Image-text web data
+ + + + +

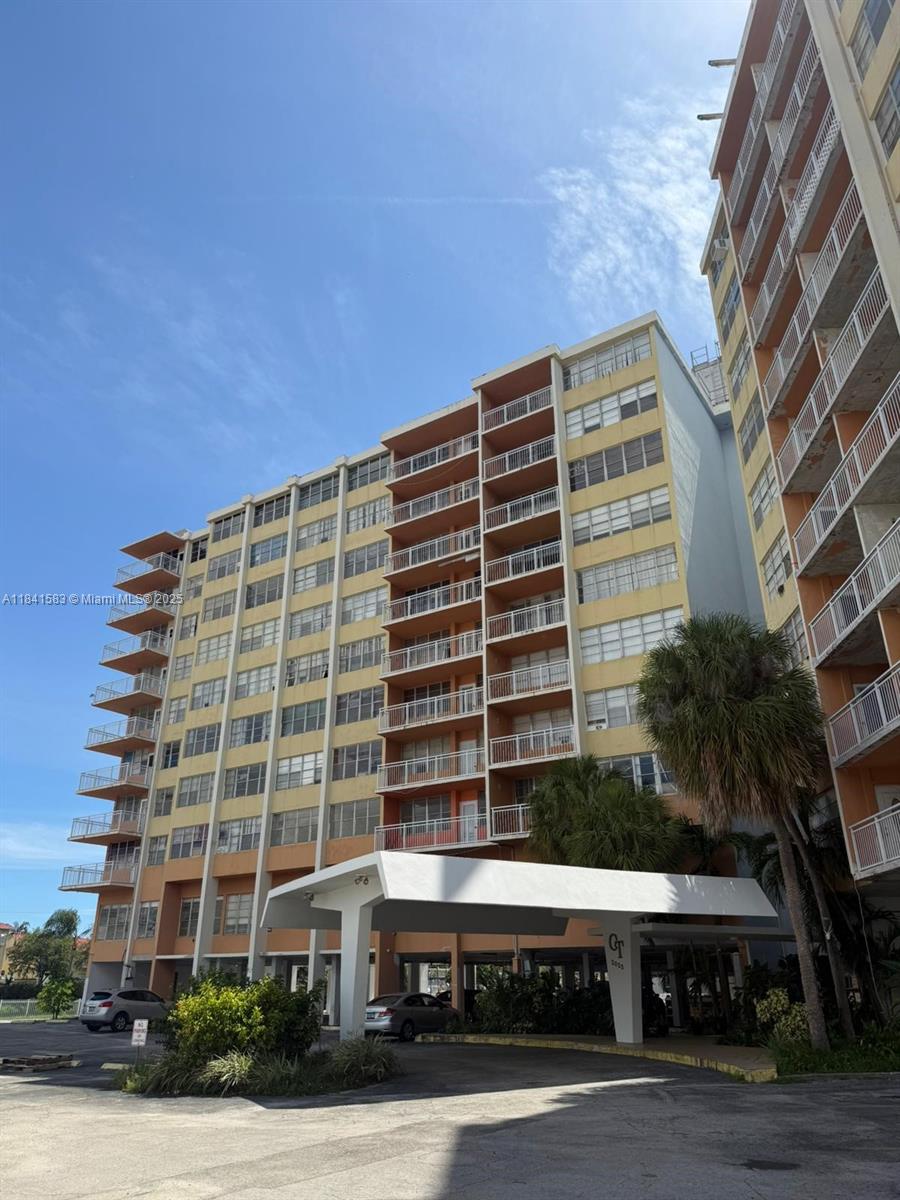 don't miss it very nice 1 bed unit with 1 and a half bath , looking lake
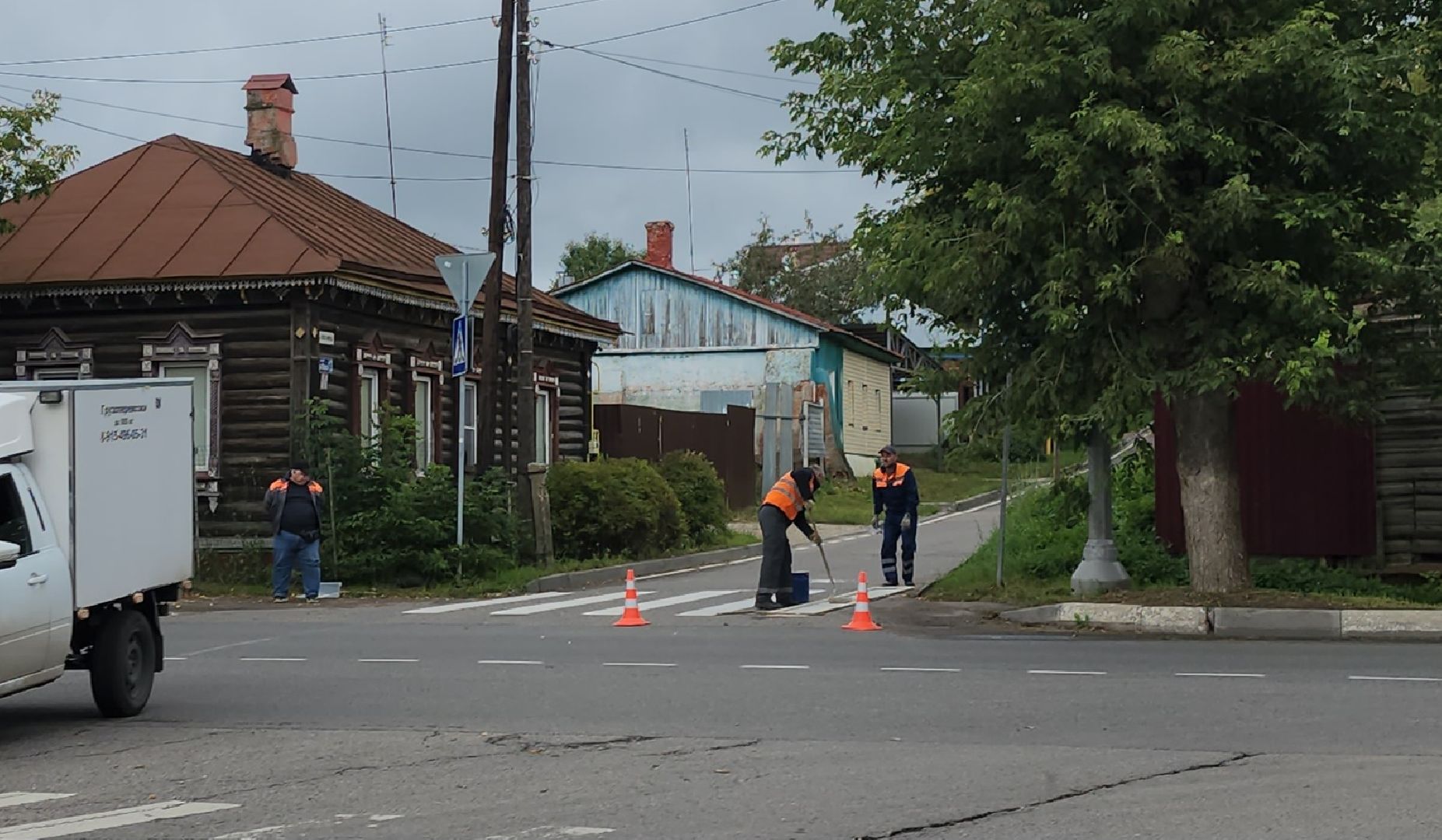 серпухов, подмосковье, обновляют зебру, пешеходный переход,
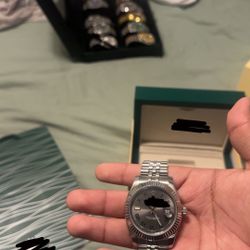 Men’s Luxury Watch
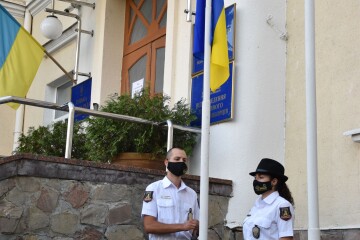 Державний Прапор України урочисто підняли біля будівлі Луцької міської ради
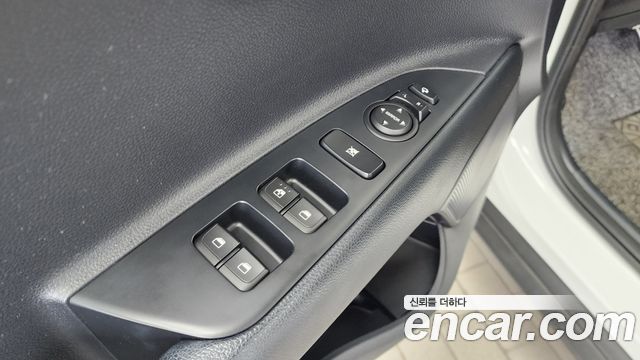 Kia Stonic 2019 — photo 29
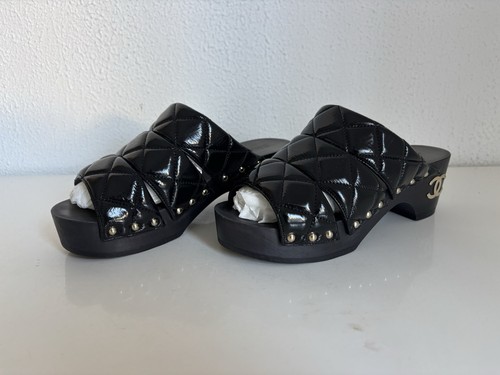 Chanel black quilted - chanel,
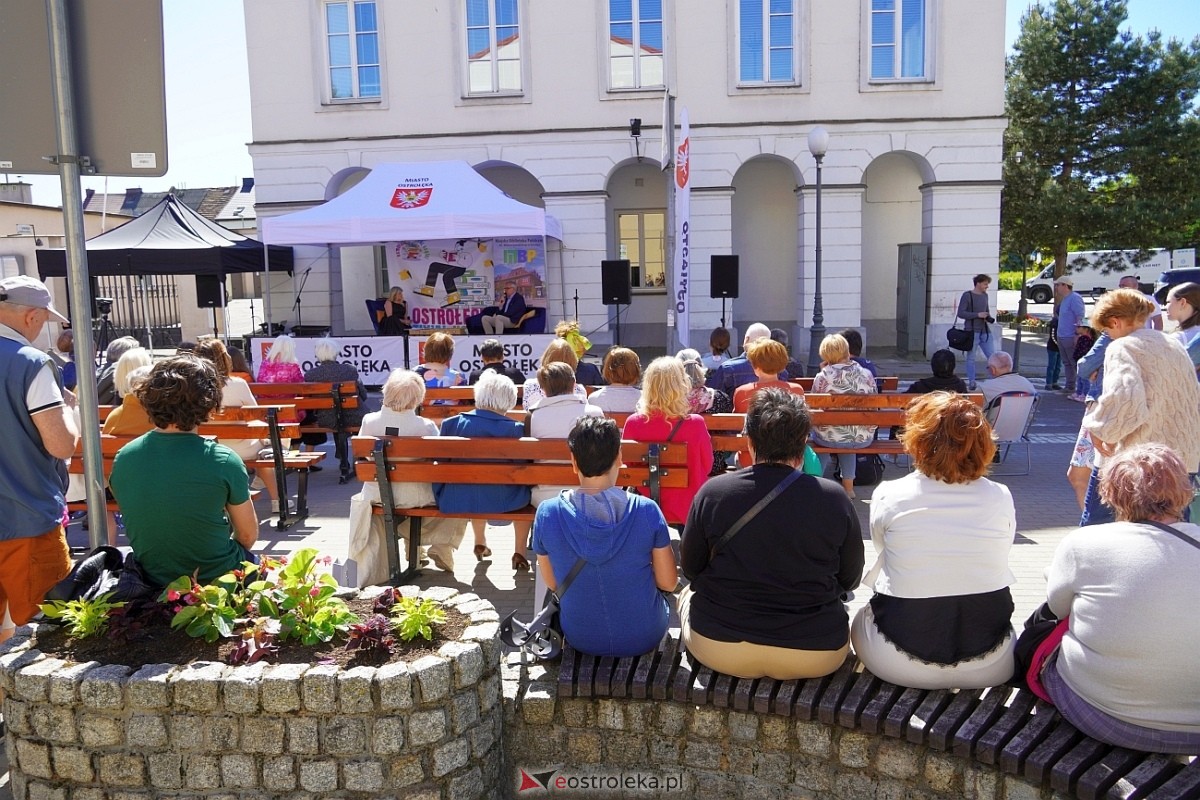 Festiwal Książki w Ostrołęce: Spotkanie z Arturem Andrusem [12.05.2024] - zdjęcie #27 - eOstroleka.pl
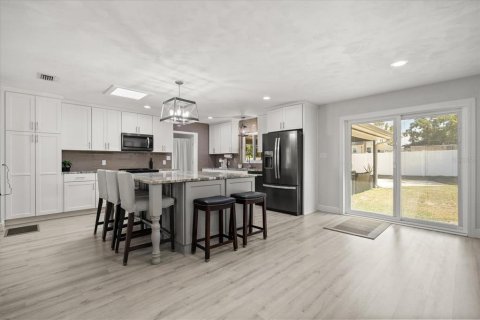 House in Tavares, Florida 4 bedrooms, 225.47 sq.m. № 2147475 - photo 10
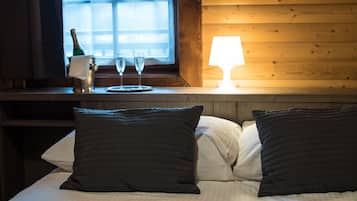 Coffres-forts dans les chambres, bureau, Wi-Fi gratuit, draps fournis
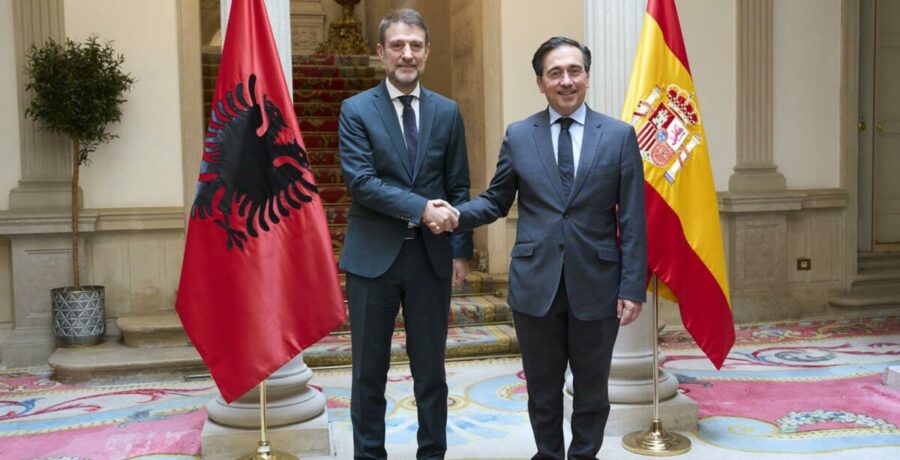 albares reitera el apoyo de espana a la candidatura de albania en su proceso de adhesion a la ue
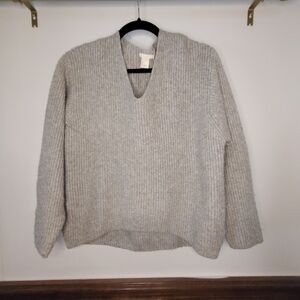 H&M Women's Gray V-Neck Sweater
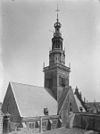 Gezicht op waaggebouw en toren - Alkmaar - 20005725 - RCE -  Waag: Gezicht op waaggebouw en toren (opmerking: In: Buiten ; 11(1917), nr. 4, p. 42) 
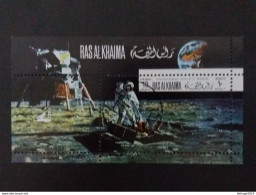 RAS AL KHAIMA 1971 THE SUCCESSFUL APOLLO XI SHEET EMIRATI ARABI - Ras Al-Khaima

+ + + + +

* WORK TO BE COMPLETED
Output every entry exactly as given; pictures are not part of the copy.

* TASK RESULT
 don't miss it very nice 1 bed unit with 1 and a half bath , looking lake
 серпухов, подмосковье, обновляют зебру, пешеходный переход,
 Men’s Luxury Watch
 Державний Прапор України урочисто підняли біля будівлі Луцької міської ради
 Kia Stonic 2019 — photo 29
 Chanel black quilted - chanel,
 Festiwal Książki w Ostrołęce: Spotkanie z Arturem Andrusem [12.05.2024] - zdjęcie #27 - eOstroleka.pl
 House in Tavares, Florida 4 bedrooms, 225.47 sq.m. № 2147475 - photo 10
 Coffres-forts dans les chambres, bureau, Wi-Fi gratuit, draps fournis
 albares reitera el apoyo de espana a la candidatura de albania en su proceso de adhesion a la ue
 H&M Women's Gray V-Neck Sweater
 Gezicht op waaggebouw en toren - Alkmaar - 20005725 - RCE -  Waag: Gezicht op waaggebouw en toren (opmerking: In: Buiten ; 11(1917), nr. 4, p. 42) 
 RAS AL KHAIMA 1971 THE SUCCESSFUL APOLLO XI SHEET EMIRATI ARABI - Ras Al-Khaima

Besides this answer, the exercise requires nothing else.